Many think that W. C. Heinz stands right alongside the legendary New York Times columnist Red Smith as the greatest sports writer of the 1940s and '50s. Paving the way for the New Journalism of Gay Talese, Tom Wolfe, and Jimmy Breslin, Heinz was the first sports writer to make his living exclusively by writing for magazines. Whether describing mobbed-up boxers, crippled jockeys, lame horses, aspiring ballplayers, or driven football coaches, Heinz's finely etched, indelible portraits recall a sports era less influenced by money, image, and self-indulgence. He collaborated with Vince Lombardi on the book Run to Daylight, cowrote the novel M*A*S*H with Dr.
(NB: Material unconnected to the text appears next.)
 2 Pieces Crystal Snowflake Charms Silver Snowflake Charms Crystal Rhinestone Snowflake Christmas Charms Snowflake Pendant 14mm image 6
H. Richard Hornberger under the pseudonym Richard Hooker, and wrote what Hemingway considered to be the "only good novel about a fighter I've ever read," The Professional. In this collection of Heinz's finest writing, we meet the immortal Red Grange; the injury-riddled, "purest baseball player" of his era, Pistol Pete Reiser; the greatest pound-for-pound fighter of all time, Sugar Ray Robinson; and the Brownsville Bum, Bummy Davis, in a story that Jimmy Breslin calls the "best magazine sports story of all time." Here is a long-overdue homage to a vastly underappreciated writer.
If you like profiles of boxers from the 1930s-1950s, you will like this book. Otherwise, it has little appeal. I realize from the introduction that W.C. Heinz was an important figure in the evolution of sportswriting, and that's great. But the profiles are too long for my taste and all sound the same. And while Heinz himself says that he was a meticulously accurate note-taker, I find the sameness of the language a little suspicious. Either he is putting words into people's mouths, or he's picking words that fit his preconceived plan for the articles.
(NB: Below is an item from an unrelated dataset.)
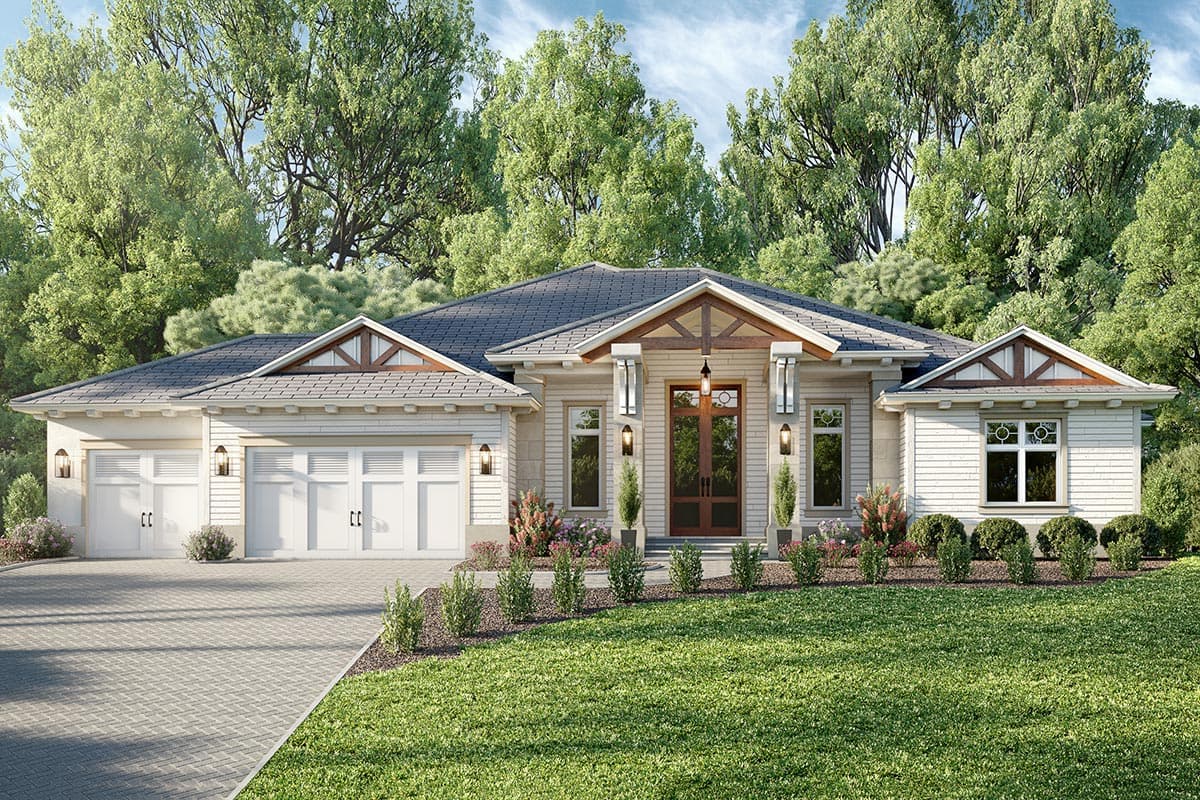 House plan exterior. Craftsman-style, single-story home with a gabled roof, timber-framed entry, and a three-car garage.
Another weirdness about the book is that the cover shows Jackie Robinson. But there is no profile of Robinson, nor any mention of him at all, as far as I remember. There isn't even an article about the famed Dodgers teams on which he was a star. The only substantial baseball piece is about Stan Musial, and it's not much. It's just about him getting dressed in the locker room before his final game and then getting two singles in that game.
The best part of the book is that it tells stories about boxers who led incredible lives, if the anecdotes are to believed. Not only were their fights vicious --- and they fought way more than fighters do these days, like 250 or 300 fights in their careers --- but they had big lives outside the ring. Given the timing of Heinz's career and his own service as a war correspondent who followed the D-Day invasion, he was drawn to boxers who also were in WWII or Korea. Those parts are very interesting and fill one with awe for their bravery and patriotism. (Contrast that with sports, business and political leaders today, especially Republicans.)
Heinz is drawn to down-and-out characters or the down-and-out aspects of those who reached the pinnacle of boxing. He's quite a disaster voyeur, in my opinion. I commend him for the endless hours he spent in the company of boxers, trainers, promoters, and so on. I'd be bored out of my mind hearing the same old stories, the whoppers and exaggerations, the cliches. Heinz spun that stuff into gold on some occasions, and congratulations are due.
If nonfiction is what it says it is, then good nonfiction should appeal to me even if the subject doesn't. What better test for me than sports writing. So far, it holds up. Heinz had me at the first paragraph: "It's a funny thing about people. People will hate a guy all his life for what he is, but the minute he dies for it they make him out a hero and they go around saying that maybe he wasn't such a bad guy after all because he sure was willing to go the distance for whatever he believed or whatever he was." We'll see if I can make it through an entitre sports-writing anthology, kids.
Update: Well, it's going slowly, but I'm still enjoying it. The author died on Thursday, and reading up on him in the NYT gave me a renewed enthusiasm. He wrote MASH!
Final update: this gets a 4 and not a 5 only because of my own limitations with the subject matter. The essay "The Ghost of the Gridiron" is one of the most incredible personality profiles I have ever read, ever. Read it, fools!!!
For admirers of great sports writing in the style of Frank deford, W.C. Heinz was doing it back in the late 40's through 60's. Also recommended for just plain great writing.